DATA RECORDS →
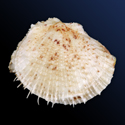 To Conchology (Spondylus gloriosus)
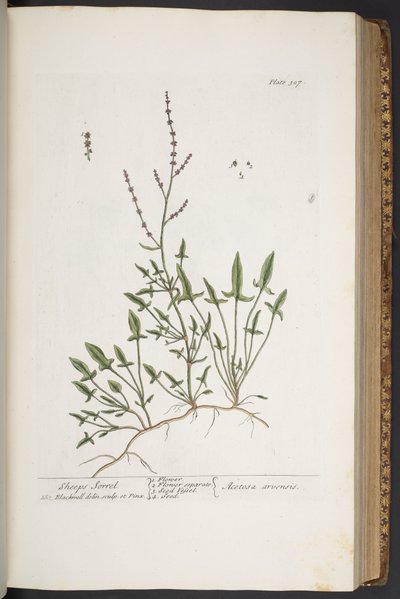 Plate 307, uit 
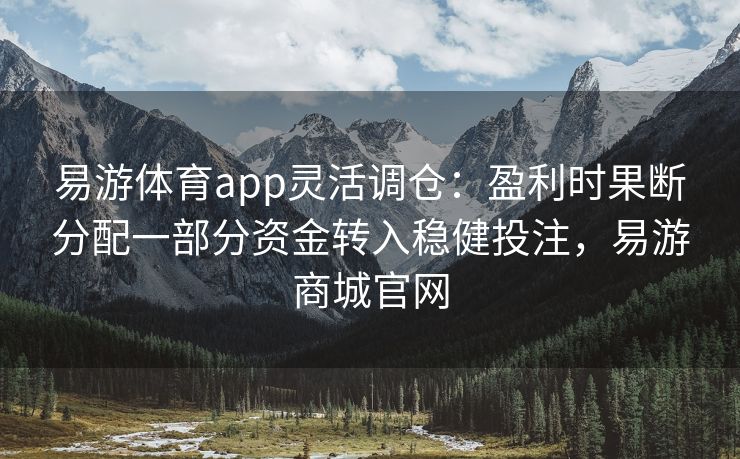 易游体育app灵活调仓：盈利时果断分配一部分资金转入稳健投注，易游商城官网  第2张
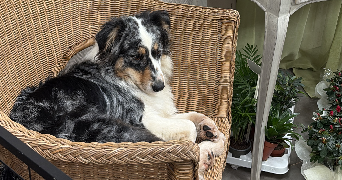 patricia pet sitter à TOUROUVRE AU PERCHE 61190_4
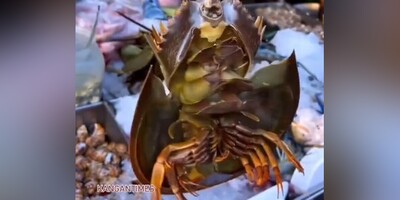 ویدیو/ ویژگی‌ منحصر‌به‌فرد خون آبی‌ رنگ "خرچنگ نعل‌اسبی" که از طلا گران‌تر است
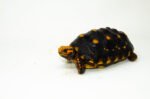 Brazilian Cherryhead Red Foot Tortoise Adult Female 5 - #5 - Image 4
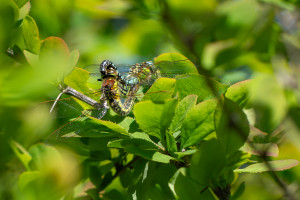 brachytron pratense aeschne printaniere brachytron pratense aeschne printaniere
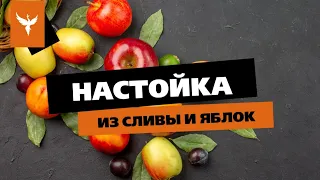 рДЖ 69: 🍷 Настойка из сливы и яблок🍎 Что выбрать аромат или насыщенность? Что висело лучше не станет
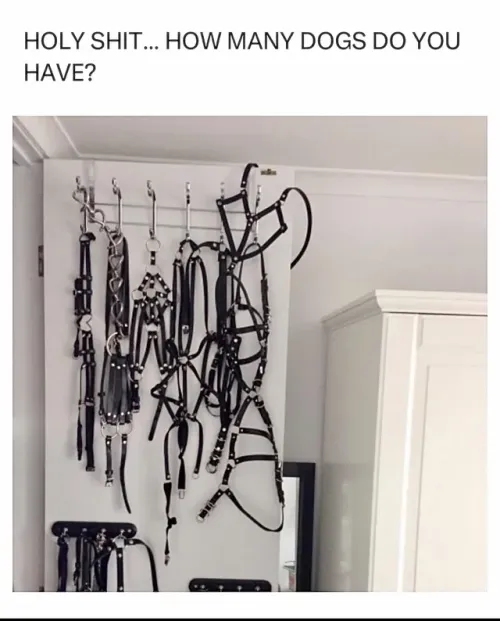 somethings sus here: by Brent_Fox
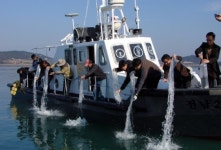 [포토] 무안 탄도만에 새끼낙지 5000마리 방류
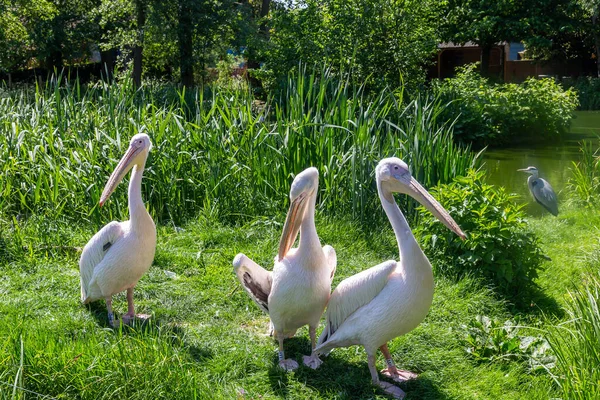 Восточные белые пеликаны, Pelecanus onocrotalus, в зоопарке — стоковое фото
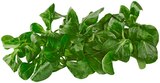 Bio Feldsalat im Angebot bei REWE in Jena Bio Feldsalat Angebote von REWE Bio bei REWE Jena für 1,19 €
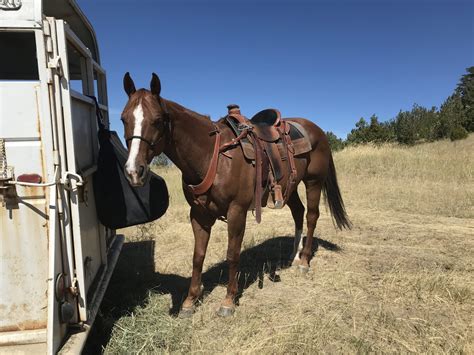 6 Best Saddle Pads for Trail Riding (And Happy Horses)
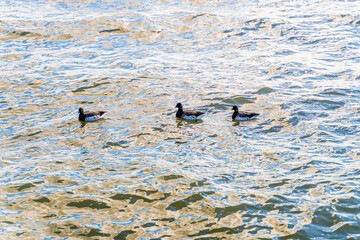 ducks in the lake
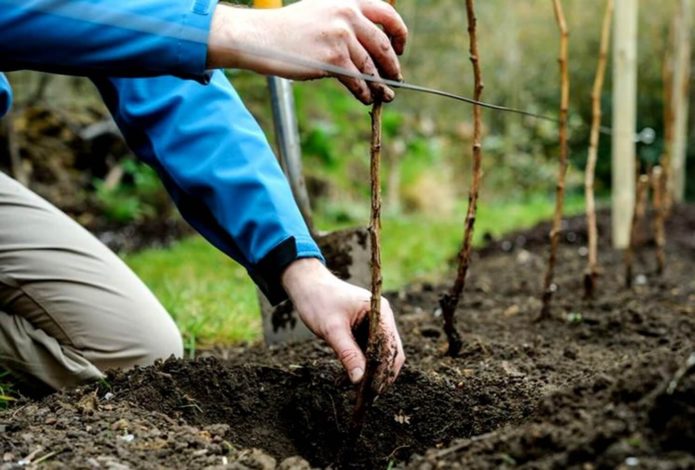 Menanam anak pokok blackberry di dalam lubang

==

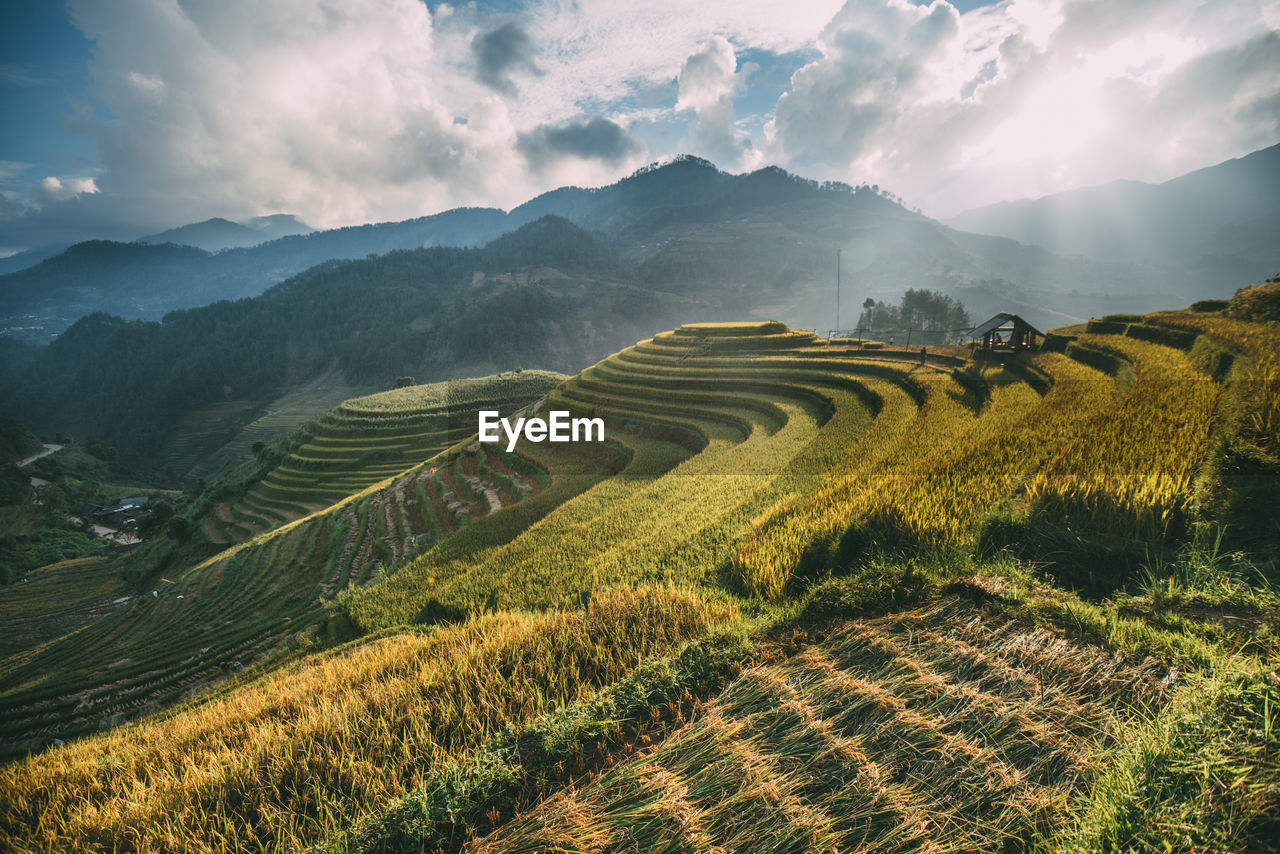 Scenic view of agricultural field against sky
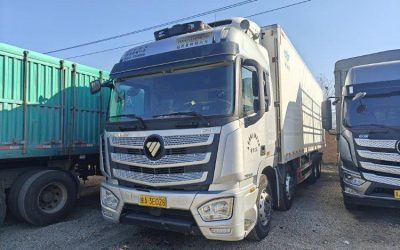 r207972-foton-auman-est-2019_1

PROBLEM DETAILS → Find the line with "To Conchology (Spondylus gloriosus)" in the entries above. Set down exactly every line from it up to and including the line with "рДЖ 69: 🍷 Настойка", images excluded.

REPLY TO THE EXERCISE →
 To Conchology (Spondylus gloriosus)
 Plate 307, uit 
 易游体育app灵活调仓：盈利时果断分配一部分资金转入稳健投注，易游商城官网  第2张
 patricia pet sitter à TOUROUVRE AU PERCHE 61190_4
 ویدیو/ ویژگی‌ منحصر‌به‌فرد خون آبی‌ رنگ "خرچنگ نعل‌اسبی" که از طلا گران‌تر است
 Brazilian Cherryhead Red Foot Tortoise Adult Female 5 - #5 - Image 4
 brachytron pratense aeschne printaniere brachytron pratense aeschne printaniere
 рДЖ 69: 🍷 Настойка из сливы и яблок🍎 Что выбрать аромат или насыщенность? Что висело лучше не станет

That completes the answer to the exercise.